Hi Mathias,
> > > I assume that the char[] returned form
> > > IndexableBinaryStringTools.encode is encoded in UTF-8 again
> > > and then stored. At some point the information is lost and
> > > cannot be recovered.
> >
> > Can you give an example? This should not happen.
>
> My character array returned by IndexableBinaryStringTools.encode looks
> like following:
>
> char[] encoded = new char[] {0, 8508, 3392, 64, 0, 8, 0, 0};
[...]
> BTW: I've tested it with EmbeddedSolrServer and Solr/Lucene trunk.
>
> Why has the string representation changed? From the changed string I
> cannot decode the correct ID.
Looks to me like the returned value is in a Solr-internal form of XML character
escaping: \u0000 is represented as "#0;" and \u0008 is represented as "#8;".
(The escaping code is in solr/src/java/org/apache/common/util/XML.java.)

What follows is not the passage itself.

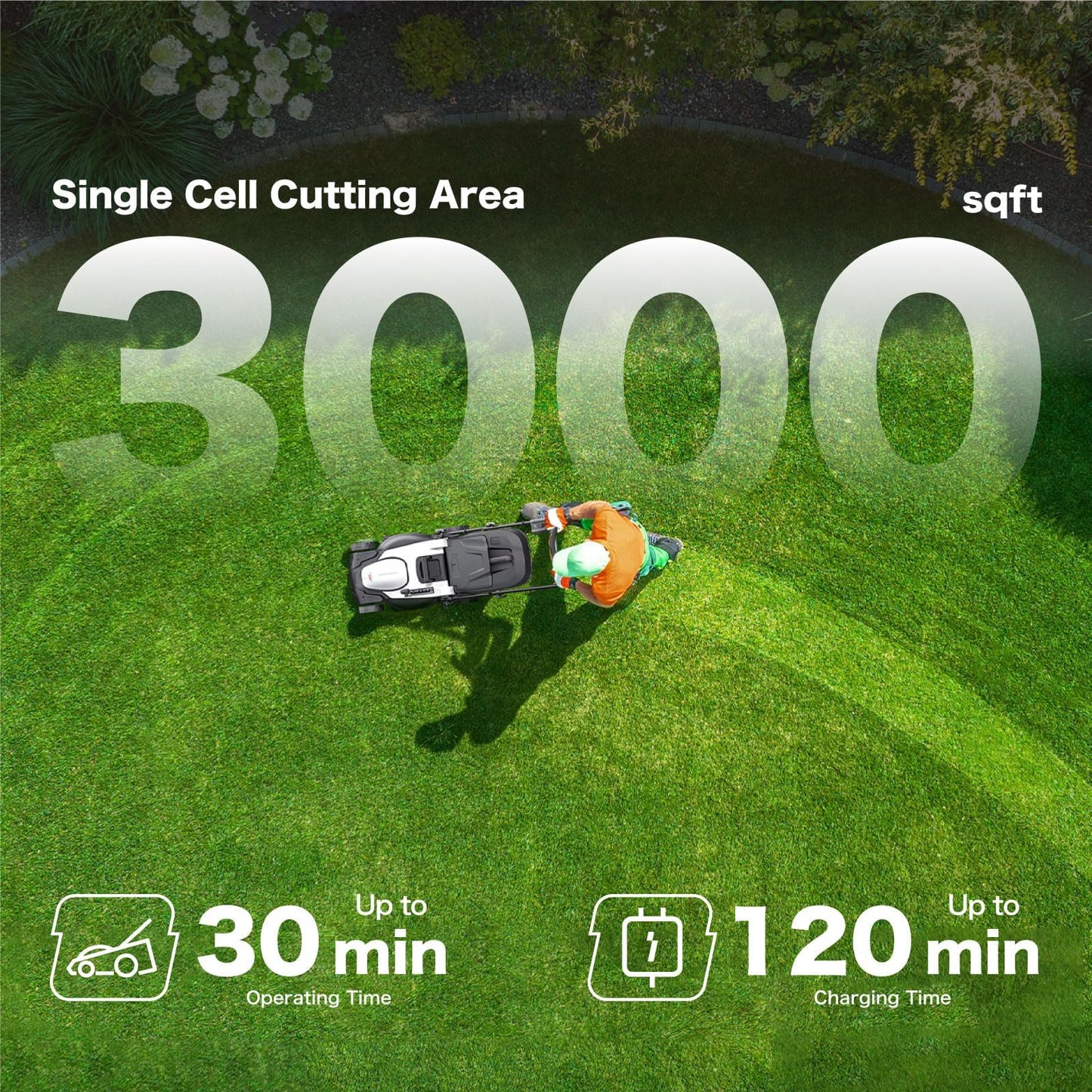 Litheli 18-inch 40V Brushless Lawn Mower for Garden Yards, Lightweight Cordless Lawn Mower Battery Powered with 6-Position Height Adjustment, 2x5.0Ah Battery Included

You can get the value back in its original binary form by unescaping the
/#[0-9]+;/ format. Here is a test illustrating this fix that I added to
SolrExampleTests, then ran from SolrExampleEmbeddedTest:
==============
@Test
public void testIndexableBinary() throws Exception {
// Empty the database...
server.deleteByQuery( "*:*" );// delete everything!
server.commit();
assertNumFound( "*:*", 0 ); // make sure it got in
byte[] binary = new byte[]
{ (byte)0, (byte)0, (byte)0x84, (byte)0xF0, (byte)0x6A, (byte)0,
(byte)4, (byte)0, (byte)0, (byte)0, (byte)2, (byte)0 };
int encodedLen = IndexableBinaryStringTools.getEncodedLength
(binary, 0, binary.length);
char encoded[] = new char[encodedLen];
IndexableBinaryStringTools.encode
(binary, 0, binary.length, encoded, 0, encoded.length);
final String encodedString = new String(encoded);
log.info("Encoded: " + stringToIntSequence(encodedString));
// Expected encoded: { 0, 8508, 3392, 64, 0, 8, 0, 0 }
String expectedEncoded = "\u0000\u213C\u0D40\u0040\u0000\u0008\u0000\u0000";
assertEquals(stringToIntSequence(expectedEncoded),
stringToIntSequence(encodedString));
SolrInputDocument doc = new SolrInputDocument();
doc.addField("id", encodedString);
server.add(doc);
server.commit();
SolrQuery query = new SolrQuery();
query.setQuery("*:*");
QueryResponse rsp = server.query(query);
SolrDocument retrievedDoc = rsp.getResults().get(0);
String retrievedEncoded = (String)retrievedDoc.getFieldValue("id");
String unescapedRetrievedEncoded =
unescapeSolrXMLEscaping(retrievedEncoded);
assertEquals(stringToIntSequence(encodedString),
stringToIntSequence(unescapedRetrievedEncoded));
}
String stringToIntSequence(String str) {
StringBuilder builder = new StringBuilder();
for (int chnum = 0 ; chnum < str.length() ; ++chnum) {
if (chnum > 0) {
builder.append(", ");
}
builder.append((int)str.charAt(chnum))
.append(" (").append(str.charAt(chnum)).append(")");
}
return builder.toString();
}
String unescapeSolrXMLEscaping(String escaped) {
StringBuffer unescaped = new StringBuffer();
Matcher matcher = Pattern.compile("#(\\d+);").matcher(escaped);
while (matcher.find()) {
String replacement = String.format
("%c",(char)Integer.parseInt(matcher.group(1)));
matcher.appendReplacement(unescaped, replacement);
}
matcher.appendTail(unescaped);
return unescaped.toString();
}
==============
Steve